Title: The need for an assembly pilot project

item Kuhn, David
item SASKI, CHRIS - Clemson University
item FELTUS, F - Clemson University
item HAIMINEN, NIINA - International Business Machines Corporation (IBM)
item MAIN, DORRIE - Washington State University
item MAY, GREG - National Center For Genome Resources
item Schnell Ii, Raymond
item MOTAMAYOR, J - Mars, Inc
item MOCKAITIS, KEITHANNE - Indiana University
item Scheffler, Brian
item SHAPIRO, HOWARD - Mars, Inc

Submitted to: Plant and Animal Genome Conference
Publication Type: Abstract Only
Publication Acceptance Date: 1/10/2010
Publication Date: 1/15/2010
Citation: Kuhn, D.N., Saski, C., Feltus, F.A., Haiminen, N., Main, D., May, G.D., Schnell Ii, R.J., Motamayor, J.C., Mockaitis, K., Scheffler, B.E., Shapiro, H. 2010. The need for an assembly pilot project. Plant and Animal Genome Conference. 1.

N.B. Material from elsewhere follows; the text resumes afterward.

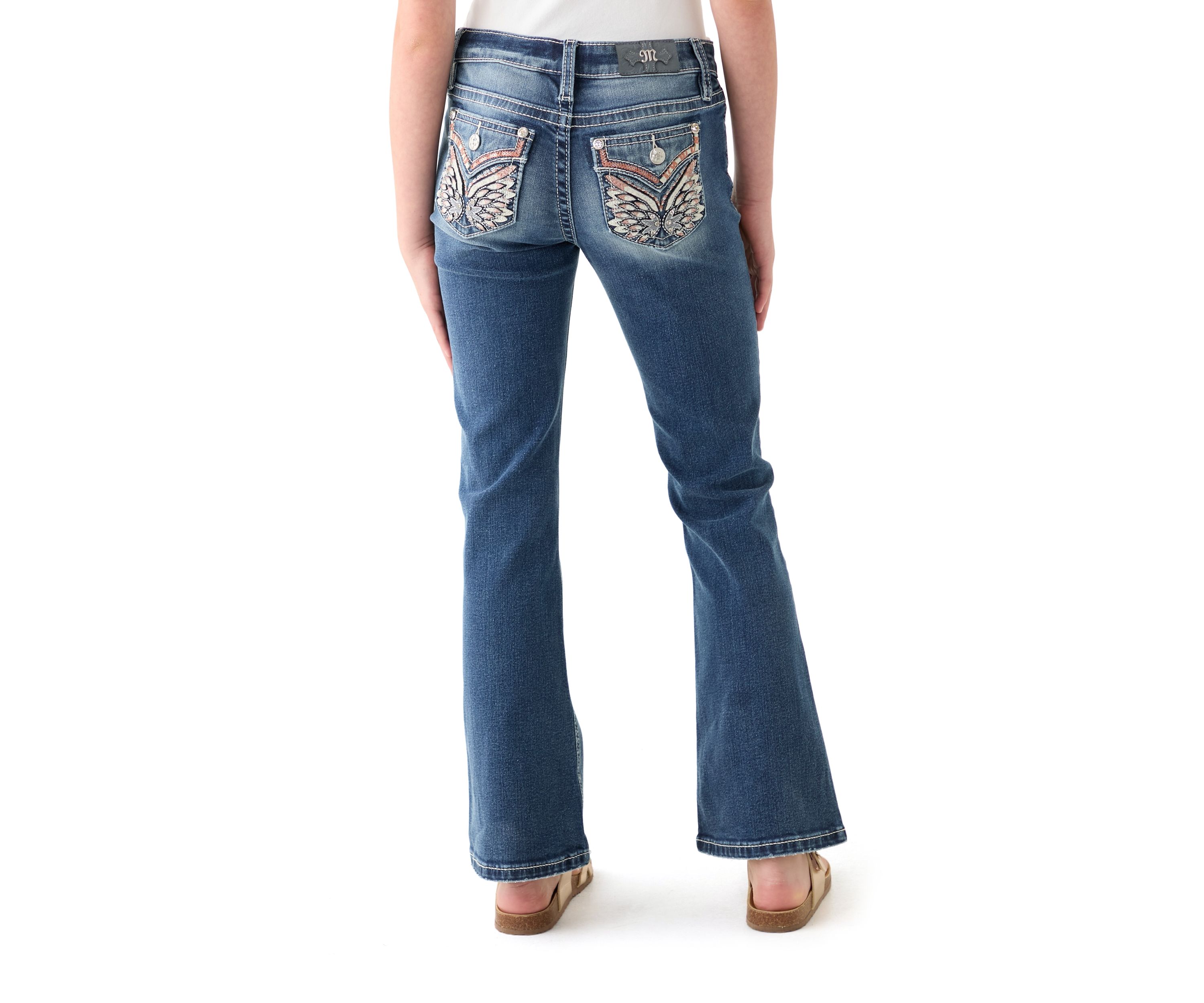 Girls 7-16 Wing Flap Pocket Bootcut Jeans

Interpretive Summary: Theobroma cacao, the source of cocoa beans for chocolate, is an important tropical agriculture commodity that is affected by a number of fungal pathogens and insect pests, as well as concerns about yield and quality. We are trying to find molecular genetic markers that are linked to disease resistance and other important economic traits to aid in a marker assisted selection (MAS) breeding program for cacao to ensure a reliable supply of cocoa for the US confectionary industry. Currently there are about 500 molecular genetic markers for cacao and we are taking advantage of the cacao genome sequencing project to expand that to greater than 50,000 single-nucleotide polymorphism (SNP) markers. The assembly pilot project will facilitate the completion of the cacao genome sequencing project. We will use these markers to improve the resolution of our current genetic maps and to find associations between specific SNPs and advantageous traits such as disease resistance or higher yield. Our results are important to scientists trying to understand the mechanism of disease resistance and, eventually, to cacao farmers who will benefit from superior disease resistant and more productive cultivars produced through our MAS breeding program.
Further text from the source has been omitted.